• _Directions_: Return exactly the run of lines that begins at the line containing "Snakeskin Booties Women's" and ends at the last line of the material below; pictures stay out.

┄┄┄┄┄┄┄┄┄┄

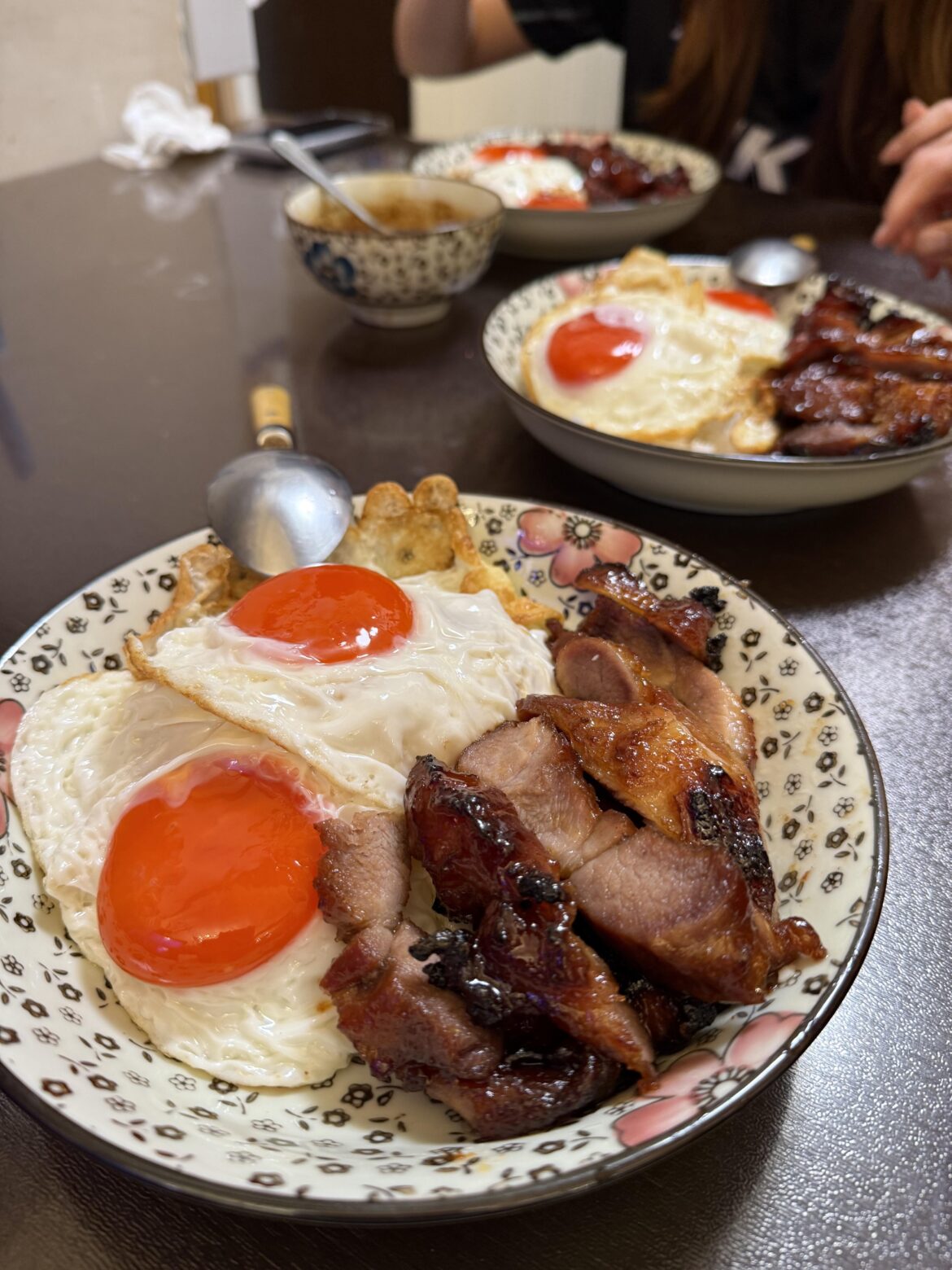 Fried eggs on homemade Char Siu rice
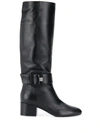 SERGIO ROSSI KNEE HIGH BUCKLE BOOTS
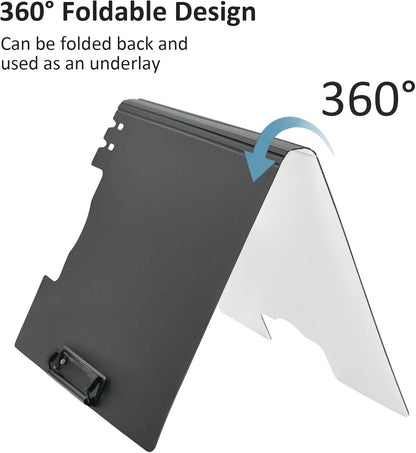 VANRA Clipboard Folder A4 File Cover Clipboards with Double Metal Clips, Plastic Foldable Binder Clipboard with Pen Holder for Office School Classroom (Black)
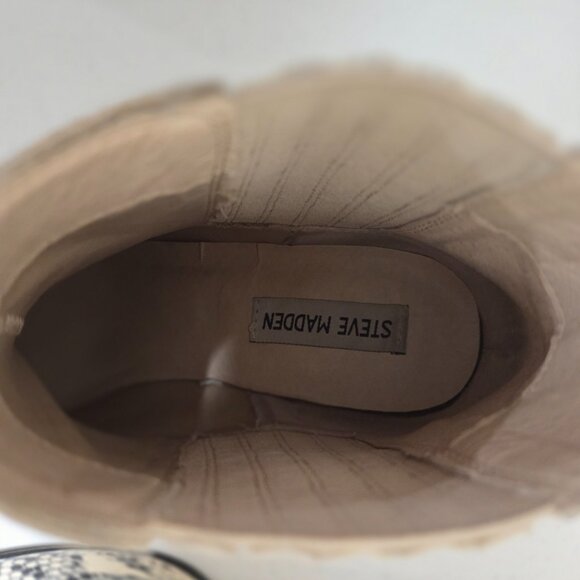 Snakeskin Booties Women's Size 9 Fall Ankle Boots Steve Madden Block Heel - Picture 11 of 11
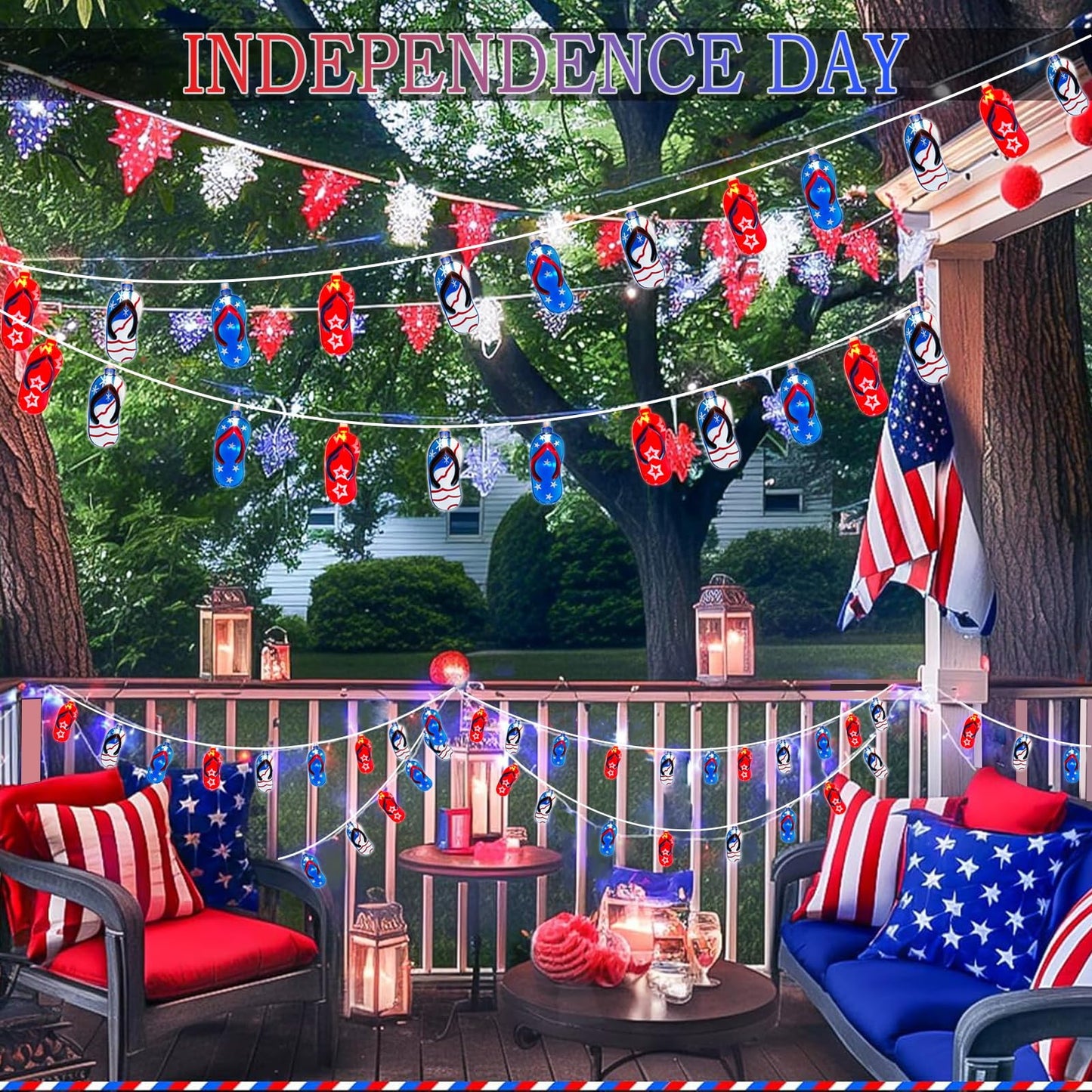 Pallerina 8.5Ft Waterproof Flag Slippers String Lights, 10 Multicolor Fairy Lights for 4th of July and Memorial Day Decorations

┄┄┄┄┄┄┄┄┄┄

• _Answer section_:
 Snakeskin Booties Women's Size 9 Fall Ankle Boots Steve Madden Block Heel - Picture 11 of 11
 Pallerina 8.5Ft Waterproof Flag Slippers String Lights, 10 Multicolor Fairy Lights for 4th of July and Memorial Day Decorations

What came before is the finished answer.